Dataset excerpts:
►

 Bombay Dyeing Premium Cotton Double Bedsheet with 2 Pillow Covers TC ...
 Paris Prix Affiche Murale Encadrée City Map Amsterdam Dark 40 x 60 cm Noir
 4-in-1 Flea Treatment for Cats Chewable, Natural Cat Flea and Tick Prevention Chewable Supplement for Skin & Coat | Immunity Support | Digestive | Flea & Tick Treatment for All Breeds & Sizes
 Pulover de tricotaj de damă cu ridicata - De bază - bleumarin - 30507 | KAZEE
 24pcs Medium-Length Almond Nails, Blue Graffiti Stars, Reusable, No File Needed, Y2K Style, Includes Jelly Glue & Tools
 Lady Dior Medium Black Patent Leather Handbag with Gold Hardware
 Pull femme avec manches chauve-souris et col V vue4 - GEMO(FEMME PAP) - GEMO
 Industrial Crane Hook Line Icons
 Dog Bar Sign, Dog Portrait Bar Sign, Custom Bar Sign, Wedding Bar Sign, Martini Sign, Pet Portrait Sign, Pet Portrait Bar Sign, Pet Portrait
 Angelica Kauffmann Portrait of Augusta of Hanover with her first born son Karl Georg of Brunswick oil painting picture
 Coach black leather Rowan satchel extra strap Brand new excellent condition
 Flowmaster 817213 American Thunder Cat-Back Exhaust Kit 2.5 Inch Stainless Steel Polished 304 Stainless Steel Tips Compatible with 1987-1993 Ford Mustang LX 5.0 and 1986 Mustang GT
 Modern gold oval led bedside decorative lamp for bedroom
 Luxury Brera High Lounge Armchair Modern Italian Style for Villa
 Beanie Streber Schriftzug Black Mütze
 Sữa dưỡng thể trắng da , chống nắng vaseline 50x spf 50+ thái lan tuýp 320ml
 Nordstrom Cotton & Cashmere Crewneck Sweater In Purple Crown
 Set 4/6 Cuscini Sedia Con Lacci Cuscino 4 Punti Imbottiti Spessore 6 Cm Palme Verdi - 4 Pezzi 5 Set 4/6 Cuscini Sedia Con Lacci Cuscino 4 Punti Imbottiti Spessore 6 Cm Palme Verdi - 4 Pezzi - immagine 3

◄

» **Task to carry out**: Set down verbatim only the lines between the start of the data above and the line with "24pcs Medium-Length Almond", both boundaries included.

» **Output for this task**:
 Bombay Dyeing Premium Cotton Double Bedsheet with 2 Pillow Covers TC ...
 Paris Prix Affiche Murale Encadrée City Map Amsterdam Dark 40 x 60 cm Noir
 4-in-1 Flea Treatment for Cats Chewable, Natural Cat Flea and Tick Prevention Chewable Supplement for Skin & Coat | Immunity Support | Digestive | Flea & Tick Treatment for All Breeds & Sizes
 Pulover de tricotaj de damă cu ridicata - De bază - bleumarin - 30507 | KAZEE
 24pcs Medium-Length Almond Nails, Blue Graffiti Stars, Reusable, No File Needed, Y2K Style, Includes Jelly Glue & Tools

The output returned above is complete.